▶ [PROBLEM DETAILS]:
Each of the lines from the one that contains "Immunohistochemistry (Formalin/PFA-fixed paraffin-embedded" to the end of the entries below should be output exactly.

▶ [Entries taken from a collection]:
- Opening Delimiter -
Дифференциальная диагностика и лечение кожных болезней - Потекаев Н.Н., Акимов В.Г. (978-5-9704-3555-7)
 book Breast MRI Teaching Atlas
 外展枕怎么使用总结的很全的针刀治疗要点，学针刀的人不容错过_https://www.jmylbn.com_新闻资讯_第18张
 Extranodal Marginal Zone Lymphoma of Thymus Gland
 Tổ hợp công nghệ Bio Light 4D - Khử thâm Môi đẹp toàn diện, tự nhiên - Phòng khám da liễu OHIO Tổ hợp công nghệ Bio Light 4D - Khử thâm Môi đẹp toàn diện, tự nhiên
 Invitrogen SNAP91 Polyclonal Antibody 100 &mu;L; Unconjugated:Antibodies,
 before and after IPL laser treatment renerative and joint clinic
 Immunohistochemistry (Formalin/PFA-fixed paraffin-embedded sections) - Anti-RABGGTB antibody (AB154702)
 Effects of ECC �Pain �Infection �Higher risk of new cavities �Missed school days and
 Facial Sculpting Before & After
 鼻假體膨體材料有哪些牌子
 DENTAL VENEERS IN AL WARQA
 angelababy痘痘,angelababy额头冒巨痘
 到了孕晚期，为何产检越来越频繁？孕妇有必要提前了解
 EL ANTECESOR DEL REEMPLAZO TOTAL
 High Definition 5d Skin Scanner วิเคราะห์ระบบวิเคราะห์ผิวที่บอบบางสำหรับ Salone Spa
- Closing Delimiter -
▶ [RESULT]:
 Immunohistochemistry (Formalin/PFA-fixed paraffin-embedded sections) - Anti-RABGGTB antibody (AB154702)
 Effects of ECC �Pain �Infection �Higher risk of new cavities �Missed school days and
 Facial Sculpting Before & After
 鼻假體膨體材料有哪些牌子
 DENTAL VENEERS IN AL WARQA
 angelababy痘痘,angelababy额头冒巨痘
 到了孕晚期，为何产检越来越频繁？孕妇有必要提前了解
 EL ANTECESOR DEL REEMPLAZO TOTAL
 High Definition 5d Skin Scanner วิเคราะห์ระบบวิเคราะห์ผิวที่บอบบางสำหรับ Salone Spa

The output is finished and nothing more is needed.